▸ **Exercise**
Only the text is wanted; write out each record below exactly and exclude all pictures.

Start of Data for this task

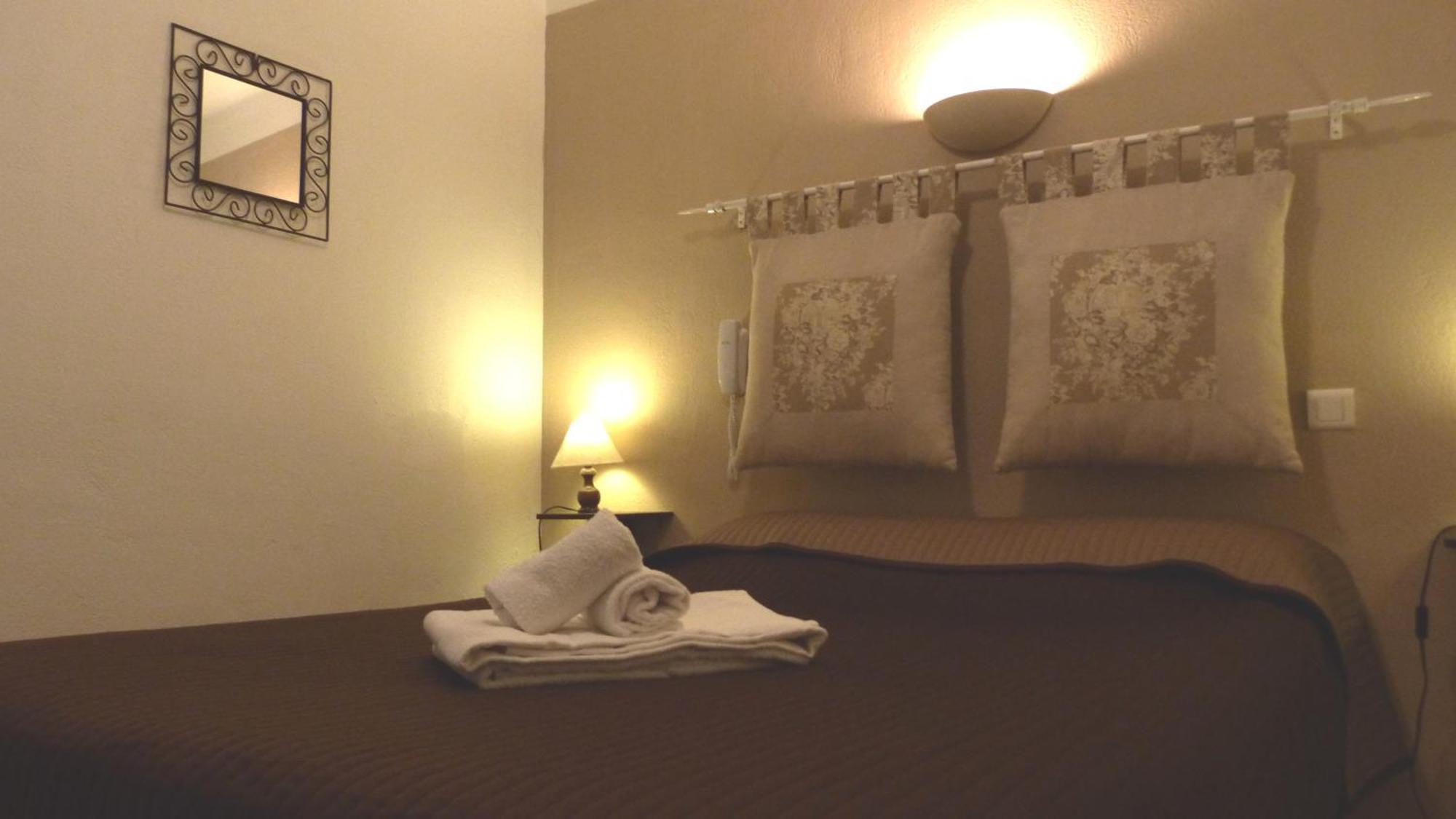 Lou Garbin Hotel Saint-Laurent-dʼAigouze Cameră foto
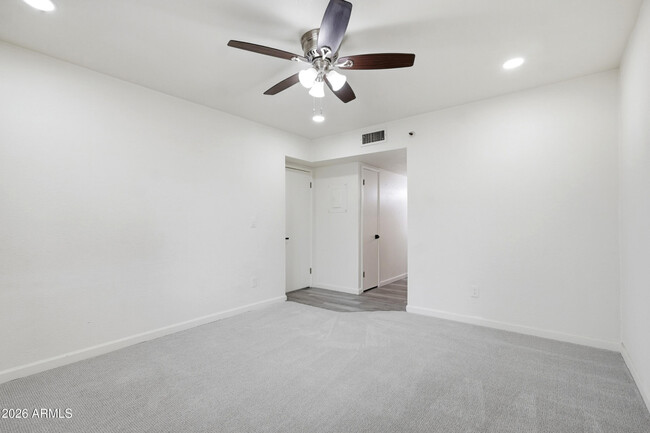 Building Photo - 4444 E Paradise Village Pkwy N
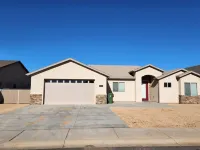 Lake Powell, Antelope Canyon, Horshoe Bend Retreat 10min to lake ダラーツリー周辺のホテル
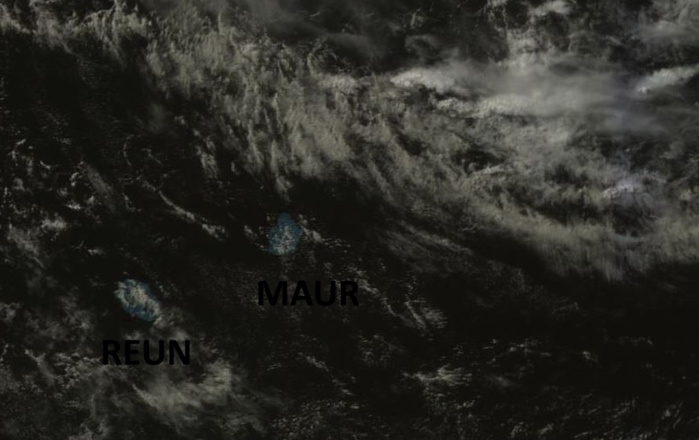 Satellite Goms-2 à 14heures. Activité en mer à l'est nord-est de Maurice qui pourrait toucher partiellement les Iles Soeurs la nuit prochaine. Satellite Goms-2 à 14heures. Activité en mer à l'est nord-est de Maurice qui pourrait toucher partiellement les Iles Soeurs la nuit prochaine.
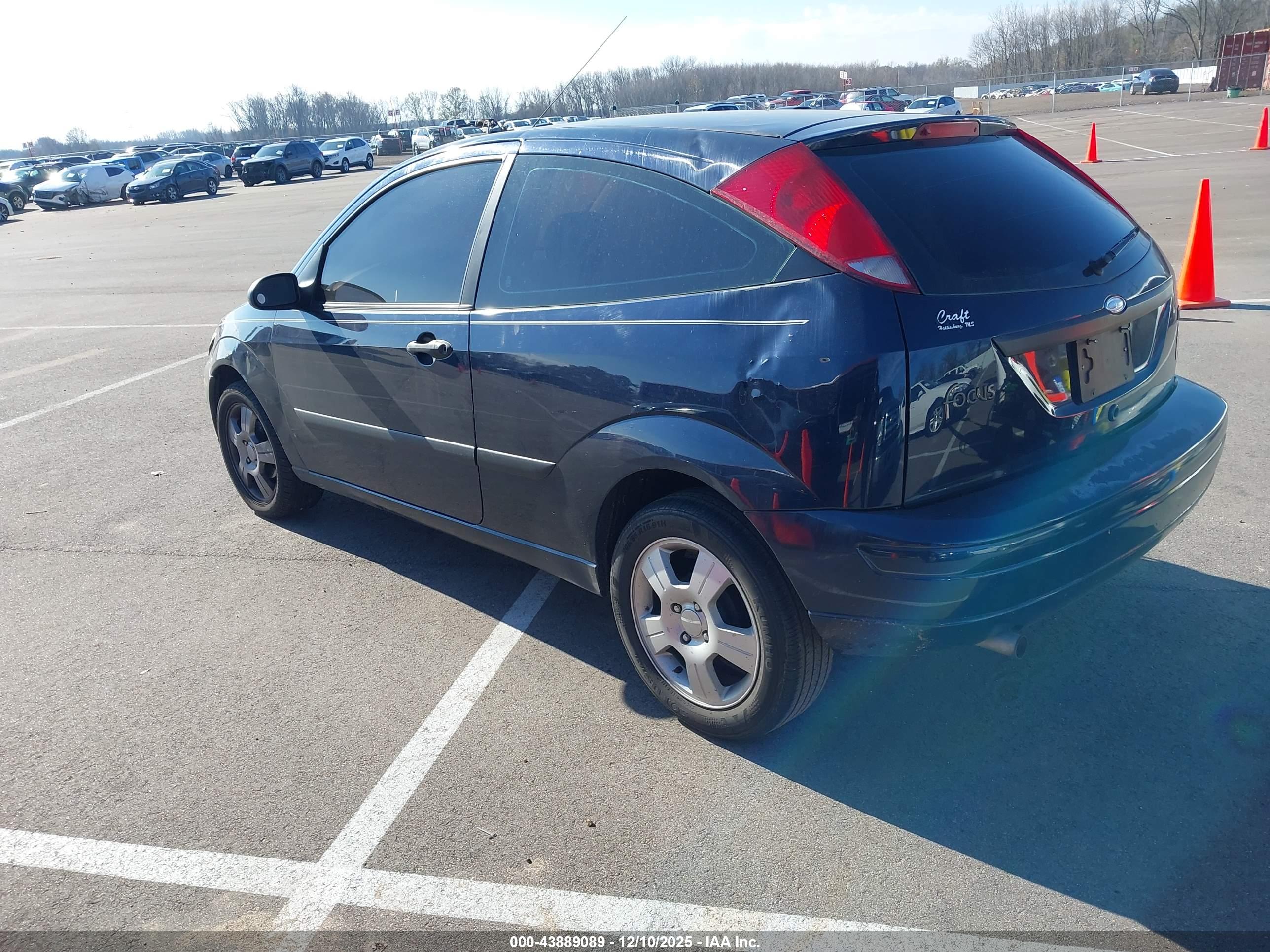 FORD FOCUS image 3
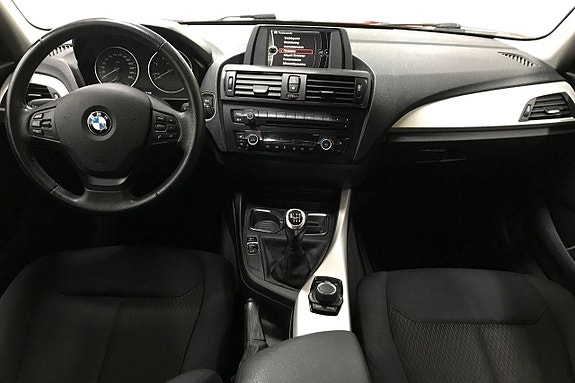 BMW 118d 12 of 25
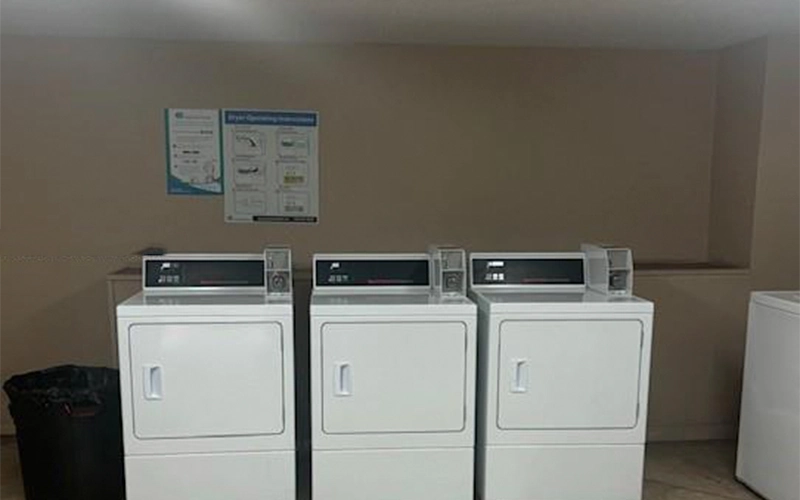 8625 NW 8th St Miami, FL 33126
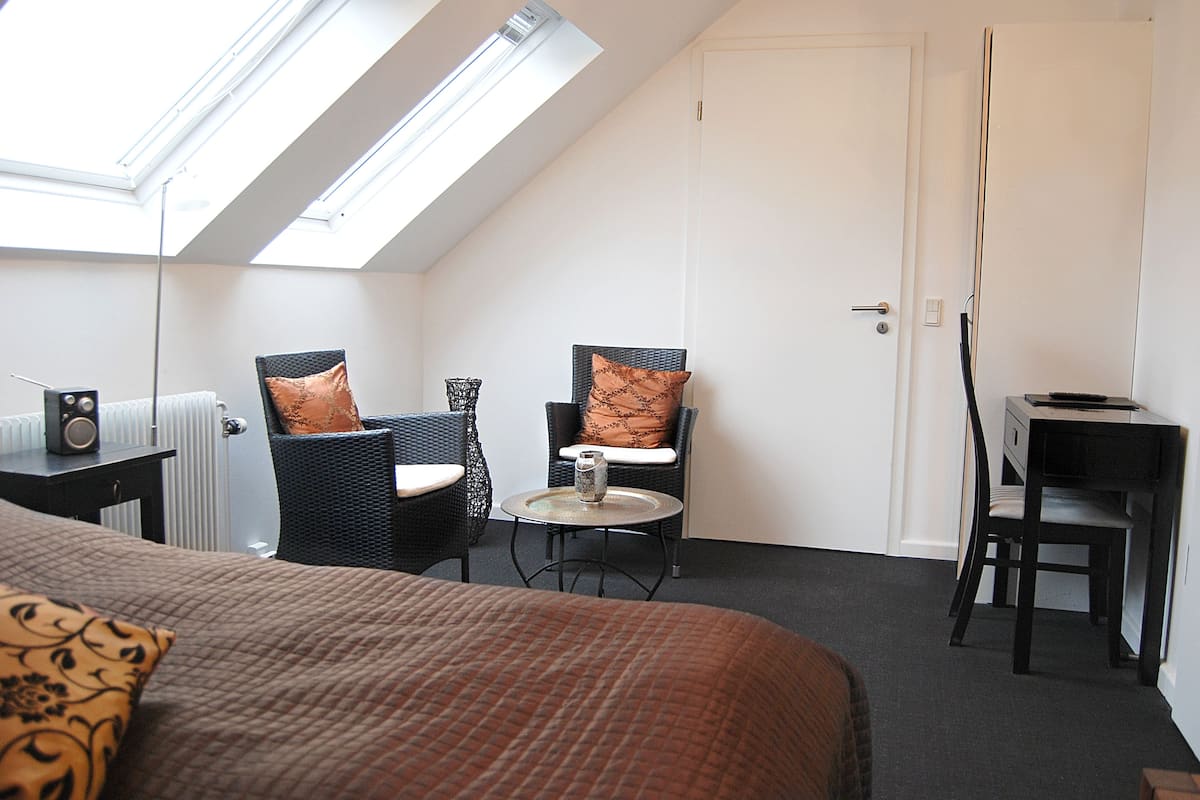 Een bureau, babybedden (toeslag), gratis wifi, beddengoed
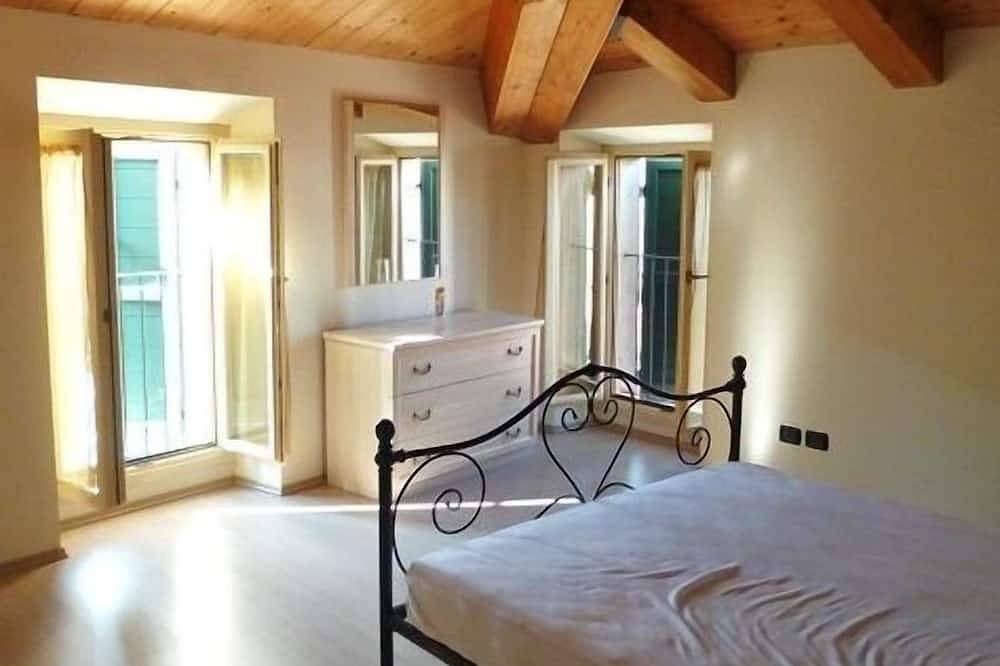 Het overzicht (Palazzo end '700 in de heuvels van Le Marche) in Cingoli, Provincie Macerata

End of Data for this task

▸ **Answer to the problem**
 Lou Garbin Hotel Saint-Laurent-dʼAigouze Cameră foto
 Building Photo - 4444 E Paradise Village Pkwy N
 Lake Powell, Antelope Canyon, Horshoe Bend Retreat 10min to lake ダラーツリー周辺のホテル
 Satellite Goms-2 à 14heures. Activité en mer à l'est nord-est de Maurice qui pourrait toucher partiellement les Iles Soeurs la nuit prochaine. Satellite Goms-2 à 14heures. Activité en mer à l'est nord-est de Maurice qui pourrait toucher partiellement les Iles Soeurs la nuit prochaine.
 FORD FOCUS image 3
 BMW 118d 12 of 25
 8625 NW 8th St Miami, FL 33126
 Een bureau, babybedden (toeslag), gratis wifi, beddengoed
 Het overzicht (Palazzo end '700 in de heuvels van Le Marche) in Cingoli, Provincie Macerata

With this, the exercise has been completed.